[Input data]:
_ _ _ _ _

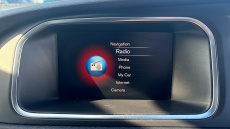 Volvo V40 D2 [122] R DESIGN Edition 5dr Diesel Hatchback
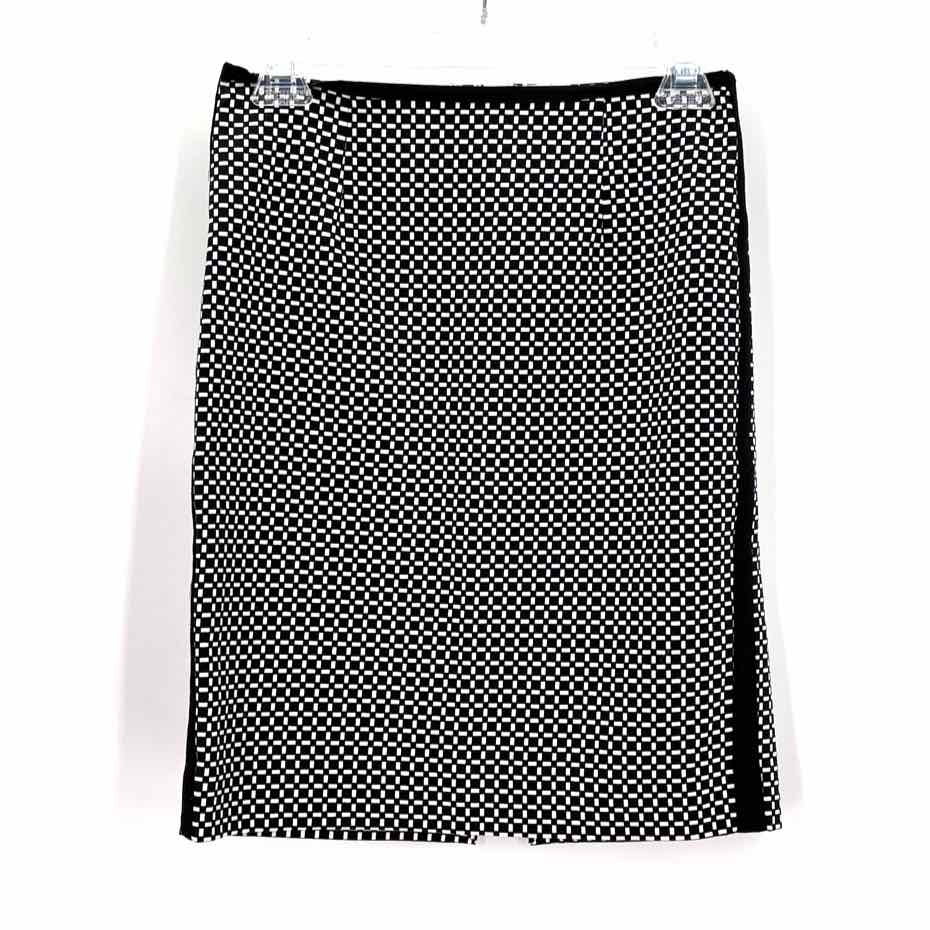 Size 00 White House Black Market Black Skirt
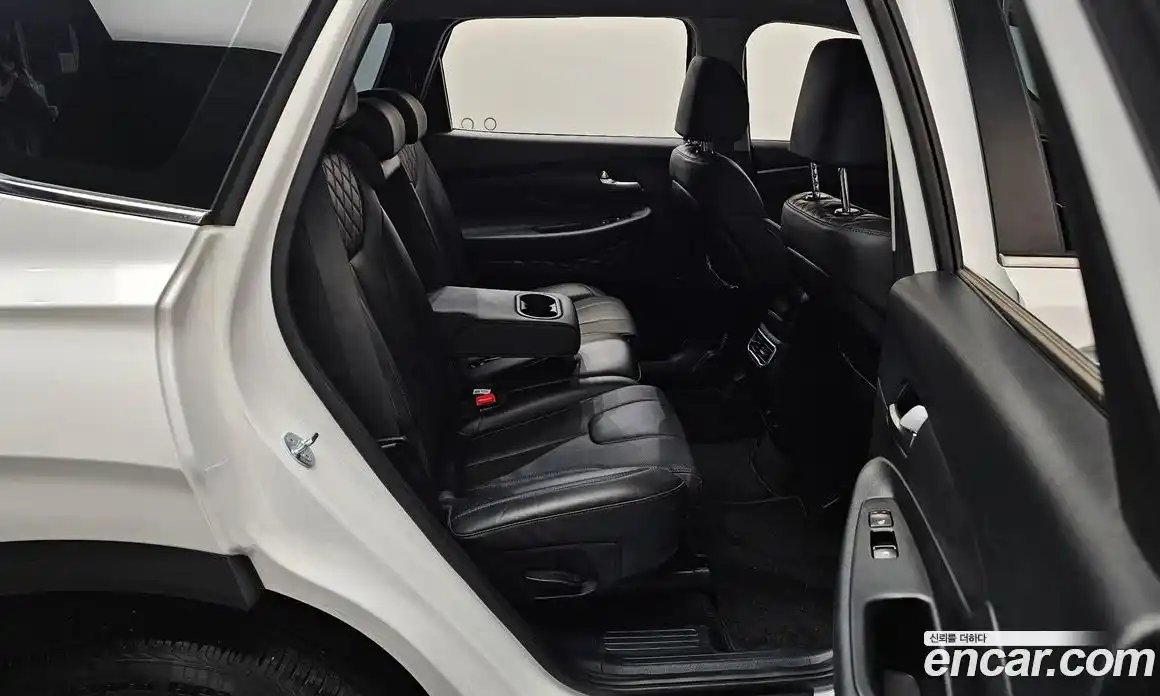 Hyundai Santa Fe 2023 2.2 Автомат в Москве № 583785, фото 12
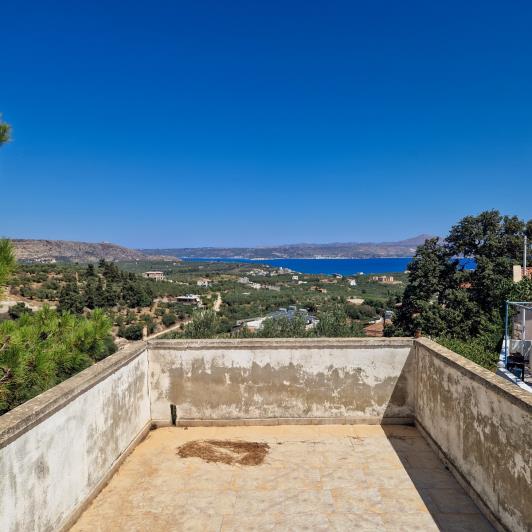 Image No.11-2 Bed Village House for sale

_ _ _ _ _

[Problem details]:
No pictures belong in the copy. Repeat the listing above exactly.

[Response]:
 Volvo V40 D2 [122] R DESIGN Edition 5dr Diesel Hatchback
 Size 00 White House Black Market Black Skirt
 Hyundai Santa Fe 2023 2.2 Автомат в Москве № 583785, фото 12
 Image No.11-2 Bed Village House for sale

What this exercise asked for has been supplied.